Said section 4927, Rev. Laws 1910, was adopted from Kansas, and the decisions of that state, prior to its adoption by this state, are controlling.

In Grove v. Jennings, supra, the case of Douglass v. Nuzum,16 Kan. 515, is quoted and approved. In Taylor P. Christy v.Myram S. Springs, 11 Okla. 710, 69 P. 864, it is said:

"The section quoted is not intended to give the right to bring an action to quiet title, for that existed previously, but to authorize an additional remedy to quiet the possession, and, of necessity, such possession must be an actual one. Constructively, the owner of land is as much in possession where it is occupied by his tenant as when occupied by himself. If the possession mentioned in this section is a mere constructive one, then the words 'or tenant' have no significance; but, by giving the word 'possession' its primary and legal meaning, the words 'or tenant' become important, and authorize the action upon the possession by tenant.
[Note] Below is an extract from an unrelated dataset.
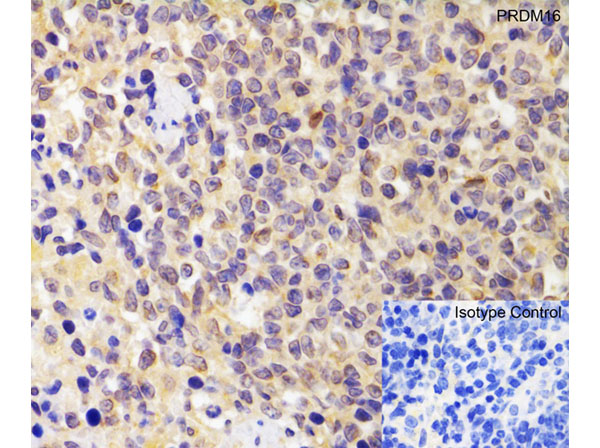 Immunohistochemistry of PRDM16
The defendant had not the actual possession necessary to entitle her to maintain the action under the section quoted. However, independent of the statute, an action to quiet title may be maintained by the holder of the legal title, where he is not in possession, if the premises be vacant and unoccupied."

Under the view expressed by us, the amended petition in this cause stated a cause of action, and the court did not err in overruling the demurrer thereto. Other errors are assigned than the ones considered; but, under the *485 view we express herein, we deem it unnecessary to review them.

The judgment of the trial court should be affirmed.

By the Court: It is so ordered.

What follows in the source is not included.